Cette politique porte ses fruits : à la fin du quinquennat de François Hollande en 2017, la dette de la France a augmenté de « seulement » 366,7 milliards €, soit 7,8 points de PIB, un résultat presque quatre fois meilleur que celui de Nicolas Sarkozy et pas loin de deux fois meilleur que celui d’Emmanuel Macron à ce jour.
Efficace pour les finances de l’État, la politique de François Hollande lui coûte cher auprès de l’opinion. Ponctionné par la hausse des impôts, le pouvoir d’achat du contribuable français se réduit. Les plus riches quittent la France et cèdent leurs biens immobiliers dont les prix reculent. La demande ne suffit plus à soutenir la croissance, le chômage augmente…

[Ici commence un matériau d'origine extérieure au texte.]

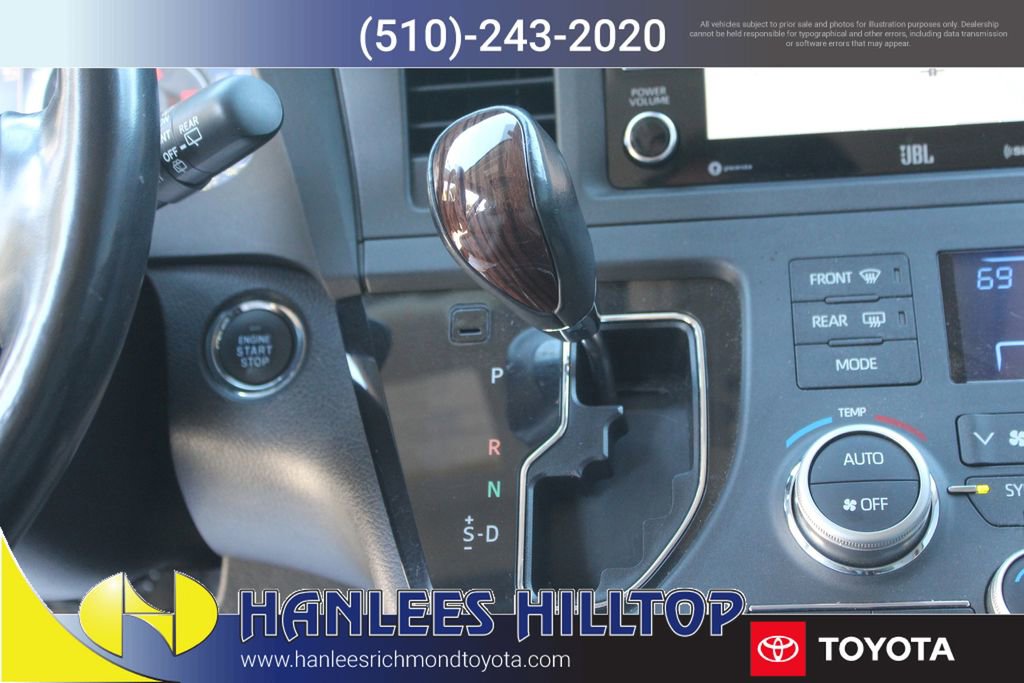 Used 2018 Toyota Sienna Limited w/ Carpet Mat Package image 28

François Hollande décide en 2014 d’un changement de politique en nommant Manuel Valls à Matignon et lance une stratégie dite de l’offre à destination des entreprises : avec la baisse de leurs charges sociales, la croissance va repartir et le chômage diminuer, mais – en raison de l’inertie de l’économie – seulement lors du quinquennat… d’Emmanuel Macron.
Emmanuel Macron : + 830 milliards €
Secrétaire général adjoint de l’Élysée puis ministre de l’Économie sous François Hollande, Emmanuel Macron s’est convaincu que la hausse des impôts n’est pas la solution. Il mise sur la réduction des dépenses publiques, la seule pour se mettre à l’abri des soubresauts de la conjoncture. Ainsi, promet-il qu’avec lui, la « Réforme de l’État » s’attaquera aux 56,4 % du PIB de dépenses publiques qui plombent la croissance. Avec lui, les Français veulent y croire.

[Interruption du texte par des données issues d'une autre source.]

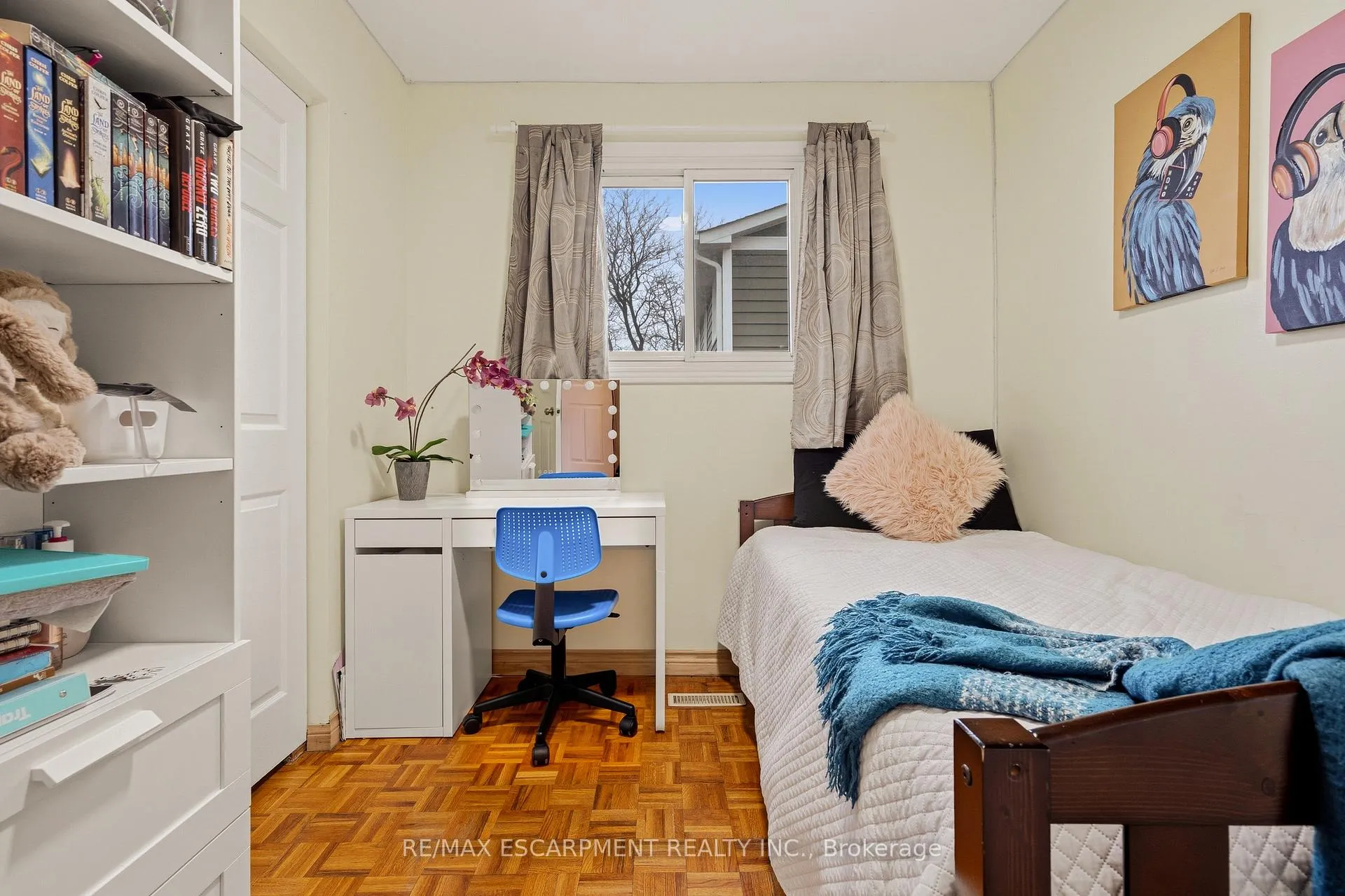 Photo 10 of 4 John Murray Street, Hamilton, Stoney Creek Mountain — HOMEH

Las ! N’ayant nommé que des énarques pour diriger les cabinets des ministres, il déchante : les chefs de l’administration procrastinent, protègent leurs fonctionnaires et ne coupent guère les dépenses.
Si l’on ajoute que l’Etat reprend la dette du réseau de la SNCF et fait des chèques pour calmer la colère des gilets jaunes, ses poches ont été en partie vidées quand intervient la pandémie du Covid. Avec le confinement, les bourses s’effondrent, les taux d’intérêt grimpent, des mesures urgentes de soutien aux entreprises sont prises, le chômage partiel est octroyé à ceux qui en font la demande.

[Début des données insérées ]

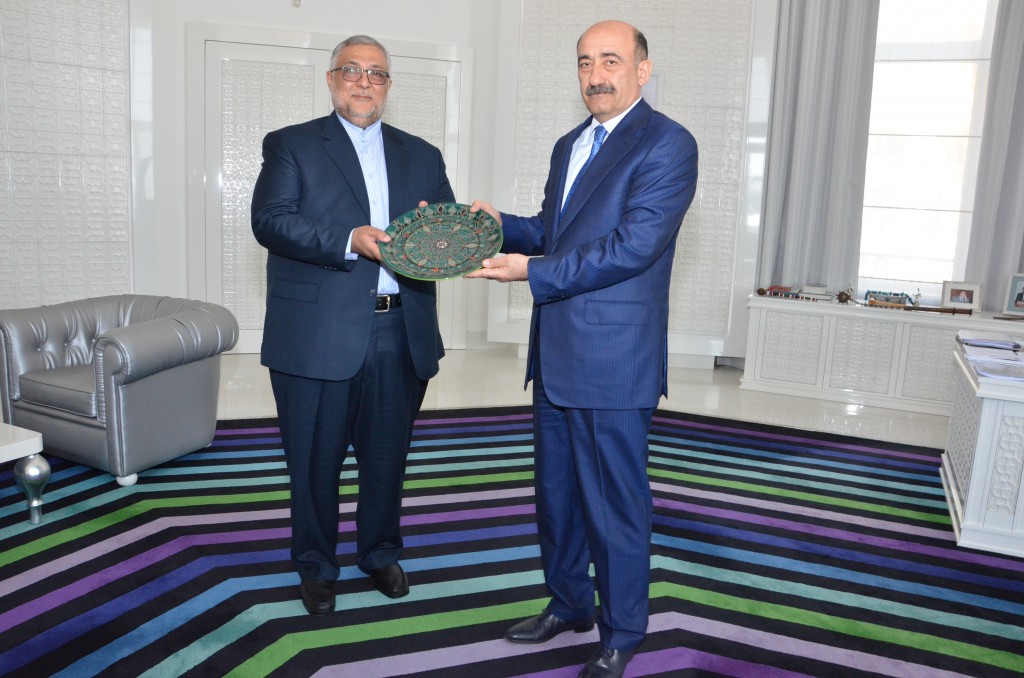 Əbülfəs Qarayev İranın Mədəniyyət və İslami Əlaqələr Təşkilatının sədri ilə görüşdü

Le fameux « quoi qu’il en coûte » permet aux Français de traverser la crise sans que l’activité s’effondre, mais son coût est faramineux, environ 110 milliards €. Avec le bouclier tarifaire pour l’électricité, l’addition grimpe à… 260 M€ ! Une « folie » qui nous relègue en queue de peloton de l’Europe au moment où la hausse des taux renchérit le coût de remboursement de la dette.
Voilà comment, de 2007 à 2024, la dette de la France s’est envolée de 1 253 milliards € à… 3 090 milliards €. Et de 64,5 % à… 111,7 % du PIB ! Un désastre où les crises ont parfois bon dos. Pendant ces mêmes dix-sept années, la dette de l’Allemagne est, elle, restée quasi-stable : 65,9 % du PIB fin 2023.